As part of the emergency special session he called on Thursday, Schwarzenegger has proposed immediate foreclosure relief and long-term mortgage reform. As David Crane, the governor's special adviser for jobs and economic growth, said Wednesday, to protect the California economy, the state needs to keep more people in their homes. So the administration has crafted a proposal to encourage lenders to do more loan modifications.
The key element is a 90-day stay on foreclosures unless loan servicers adopt a "robust modification program" similar to the one pioneered by the Federal Deposit Insurance Corp. after it took over California-based IndyMac Bank.
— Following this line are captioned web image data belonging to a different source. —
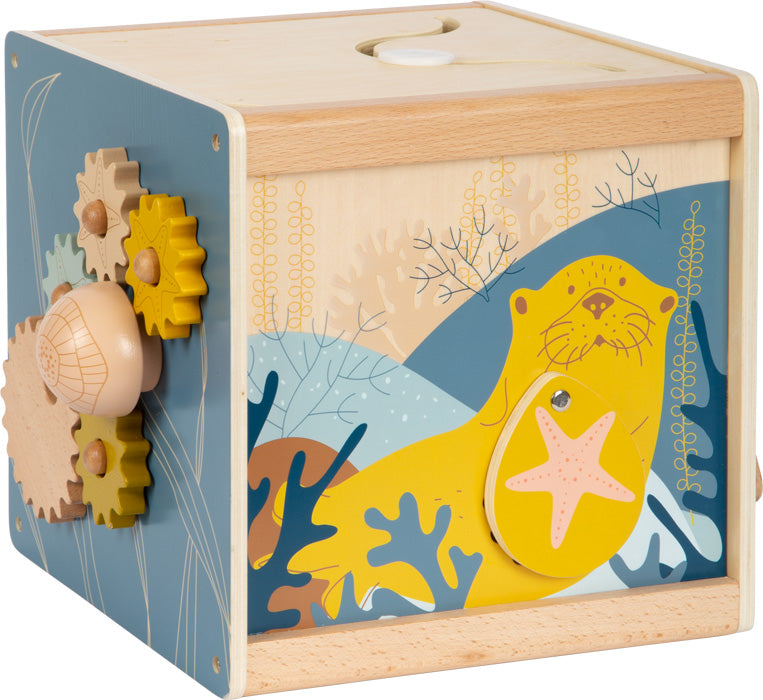 Holzspielzeug mit Meeresmotiven: Dieser bezaubernde Motorikwürfel verfügt über Holzzahnräder, Meeresillustrationen und einen gelben Otter, der einen Seestern hält, perfekt zur Förderung der Feinmotorik.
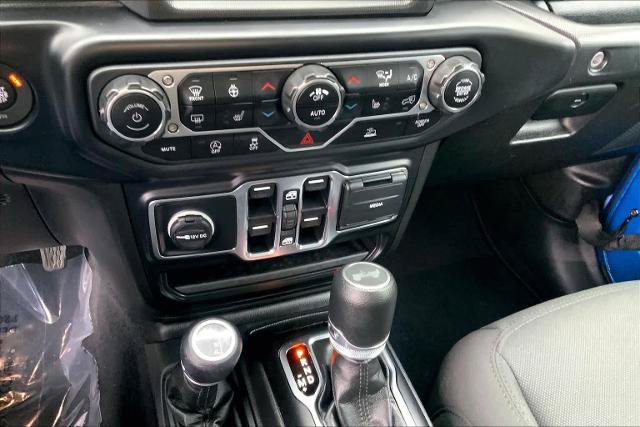 Used 2023 Jeep Wrangler Unlimited Sport AWD/4WD image 35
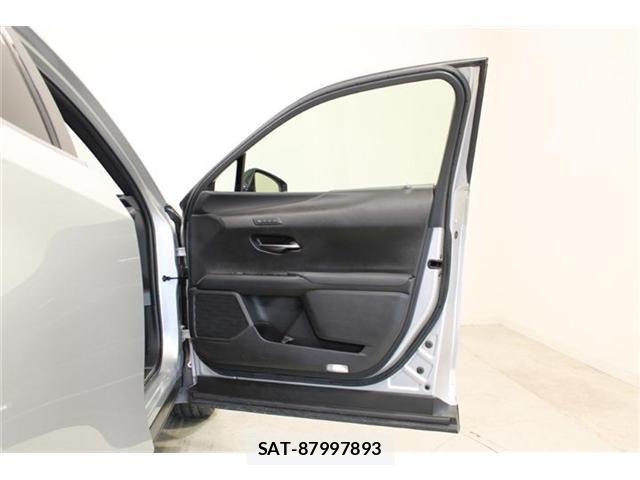 Lexus UX 2019-03 6907879-28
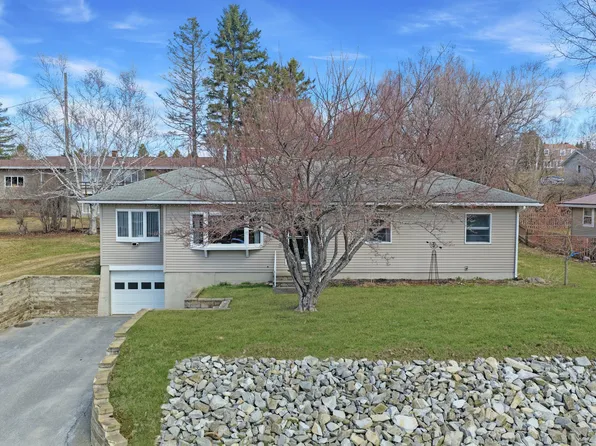 15 Home Farm Road, Caribou, ME 04736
Under that model, the lender (or its loan servicer) goes through all loans where borrowers are 60 days late and paying more than 38 percent of income in monthly payments. These loans are reworked with lower interest rates, longer terms or smaller principal amounts so that a borrower's monthly payments for principal, interest, taxes and insurance equal no more than 38 percent of income.
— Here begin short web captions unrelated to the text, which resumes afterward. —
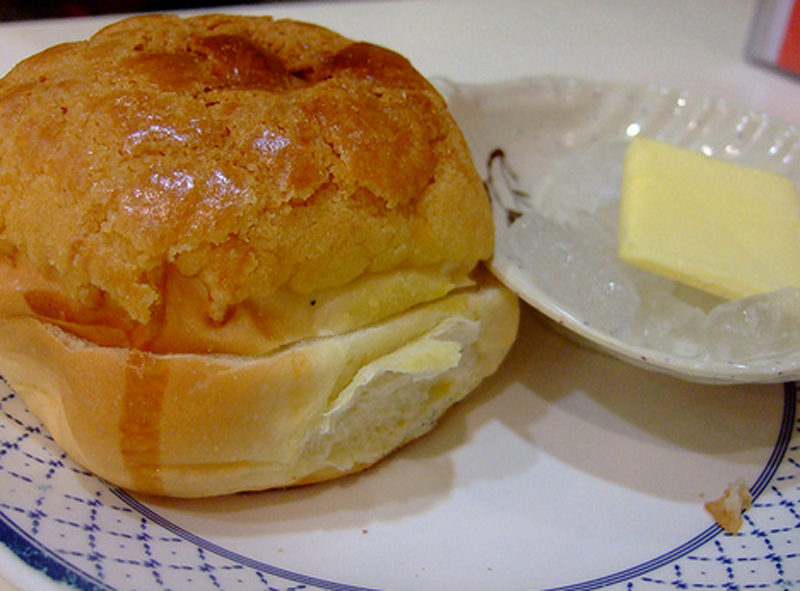 Cinnamon Pineapple Buns Cinnamon Pineapple Buns picture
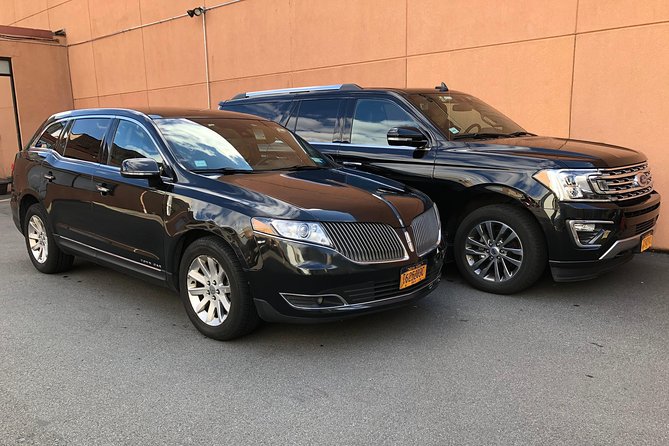 Private Arrival Transfer from Chicago Airports (ORD) (MDW) - The Chauffeur Ride: From Airport to Your Downtown Door
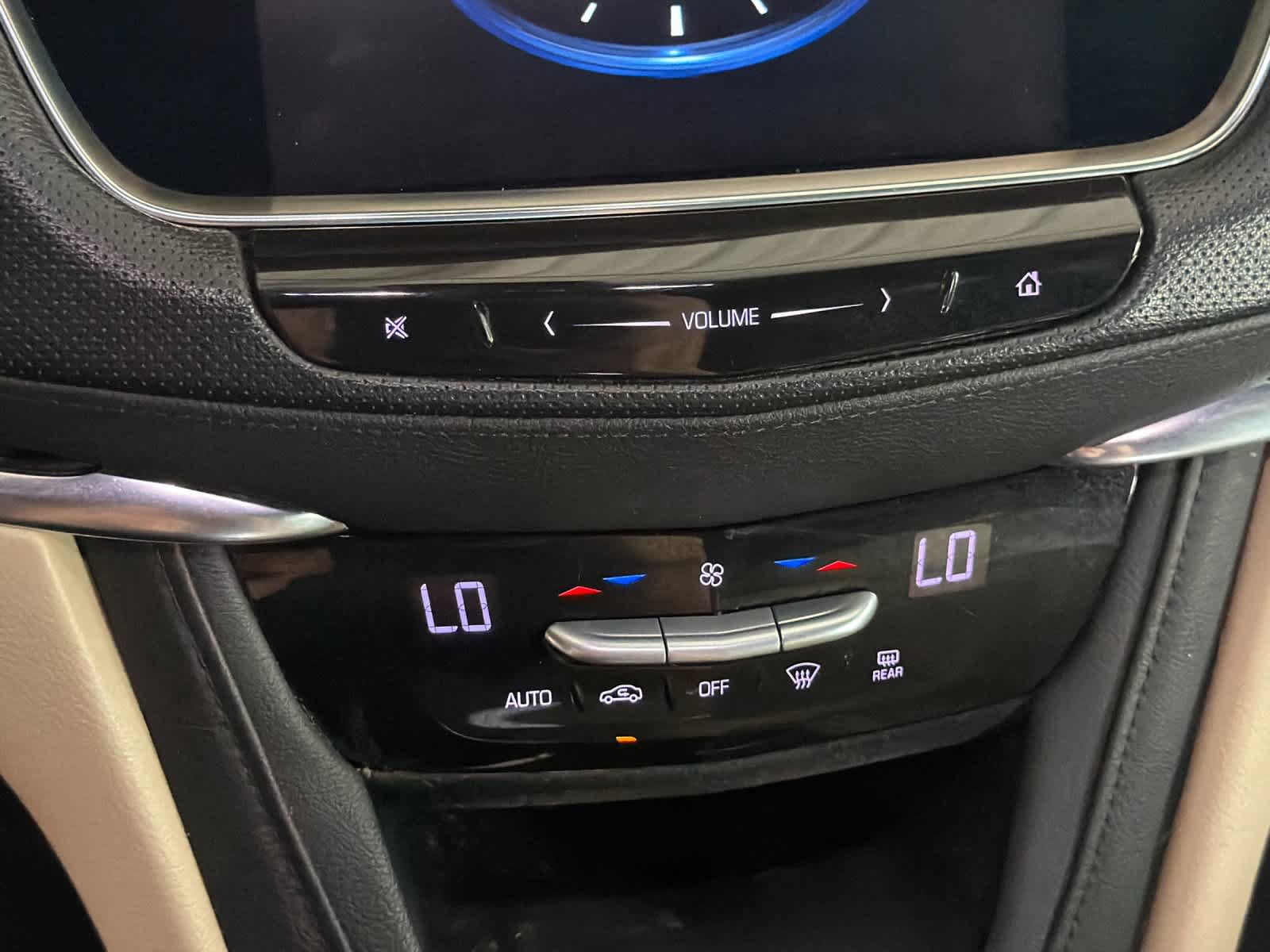 Used 2017 Cadillac XT5 FWD image 23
This model is a good starting point.
And as an incentive to get more servicers to adopt this comprehensive program of mass loan modifications, the governor's proposed 90-day stay on foreclosures is an important step.
But the proposal has serious weaknesses that legislators will have to remedy:
If servicers don't follow through on their modification programs, there's no accountability. The plan has no public reporting of loan modifications by specific servicers. Legislators should insist that any loan servicer that wants to avoid the 90-day stay on foreclosures must provide information on loan modifications that will be publicly reported.
Only through sunshine can the public see which servicers are actually doing the needed loan modifications. This requirement should apply equally to all servicers sending out notices of default in California, whether licensed by the state or federal government, because regulating foreclosures is the province of the states. There is no federal foreclosure law.
The governor's plan does nothing for borrowers not yet late in their payments. This provides a perverse incentive for people to skip payments.
Legislators should insist that the plan include borrowers with adjustable-rate loans who could soon fall behind in payments when rates reset, as well as those who are making only minimum payments that increase (rather than decrease) their loan balance over time. JPMorgan Chase & Co. already has announced it will do this.
No one should doubt the need to act during the special session. Until the state addresses rising home foreclosures, the revenue bleeding will continue and the state's budget mess will continue to get worse. The governor and legislators need to staunch foreclosures and do it now.